ODECO paper on the use of open government data to create social value

During the 6th to 8th of September ESR6, María Elena López shared insights from her research at the IFIP EGOV 2022 conference, which took place in Linköping, Sweden. The research collaboration “The Use of Open Data to Create Social Value” in coauthor-ship with Rikke Magnussen was published in the Electronic Governance e-Book of the 21st IFIP WG 8.5 International Conference, EGOV 2022 conference proceedings by Springer Cham. The conference represents the merge of the IFIP WG 8.5 Electronic Government (EGOV), the IFIP WG 8.5 IFIP Electronic Participation (ePart), and the Conference for E-Democracy and Open Government Conference (CeDEM). The discussion across the conference covered topics such as Public Services, the role of Social Media, Open Government and Open Data, AI, Bots, Data Analytics, Smart Cities, and E-Government Evaluation.

Abstract

 

The current work aims to identify the perspectives from which scholars have studied the link between the citizens’ involvement in the use of Open Government Data (OGD) and the creation of social value to solve local issues in cities as the expected result.

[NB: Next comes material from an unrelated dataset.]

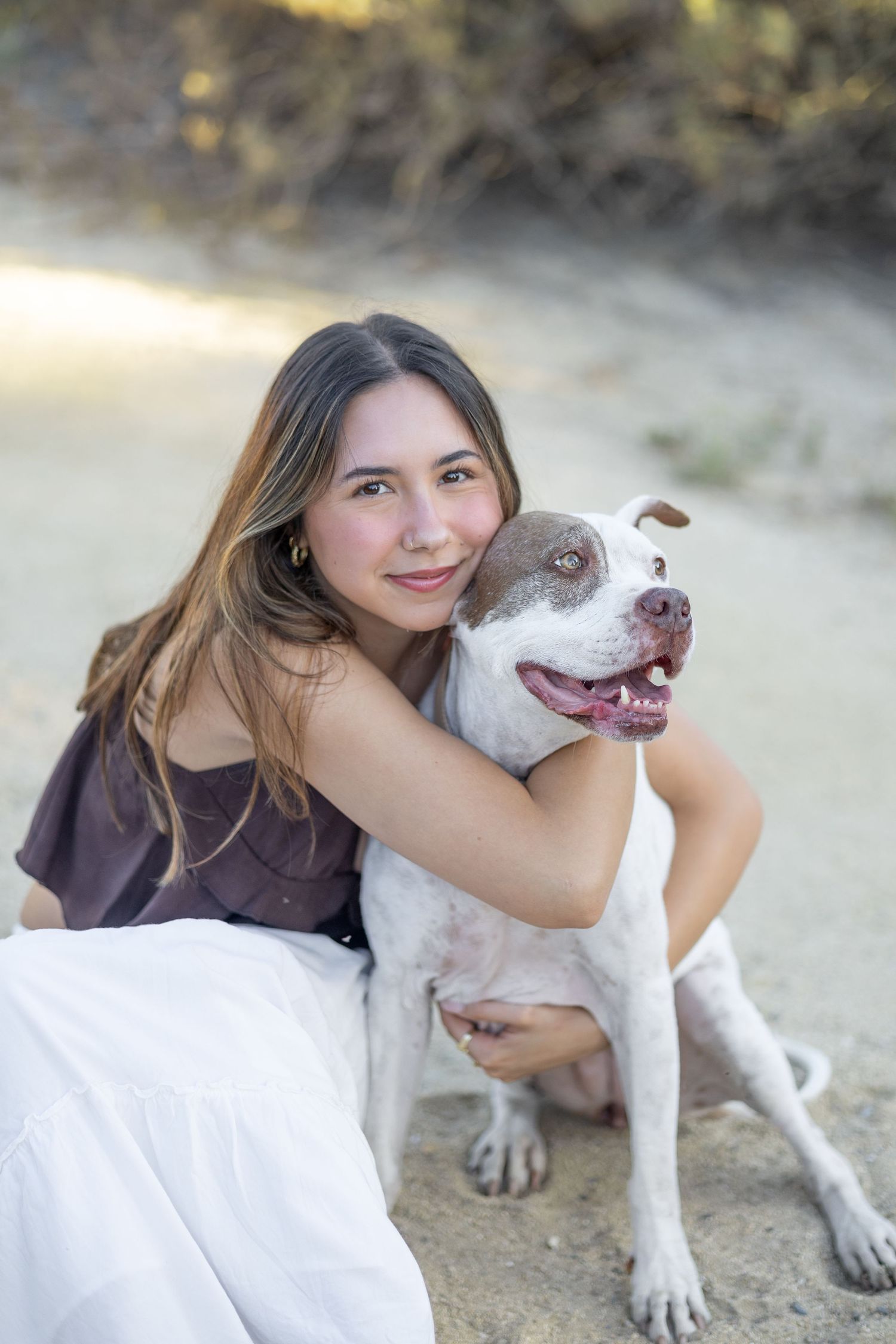 Person cuddling with a happy white and brown pit bull dog outdoors.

Recent studies have concentrated on studying the barriers and conditions of using OGD by focusing on specific types and users’ motivations. Researchers have found that the critical problem of Open Data initiatives is the lack of utilization. Therefore, to allow more rigorous empirical research to assess if the estimated effects of OGD are measurable, there is a need to investigate the link between the types of users and the potential type of effects, that for this proposal is the creation of social value. The study adopted a systematic literature review to map the most current work addressing the utilization of OGD to create social value within different domains. Forty-six records were identified and characterized into four categories of studies: i) Governance – the interconnection of aspects that allow managing and using OGD; ii) Availability- aspects limiting OGD access and re-use; iii) Adoption – aspects that enable the acceptance or rejection of OGD; and iv) Impact – capacity to solve social problems. This study reinforces the move toward decentralizing data governance and civic services.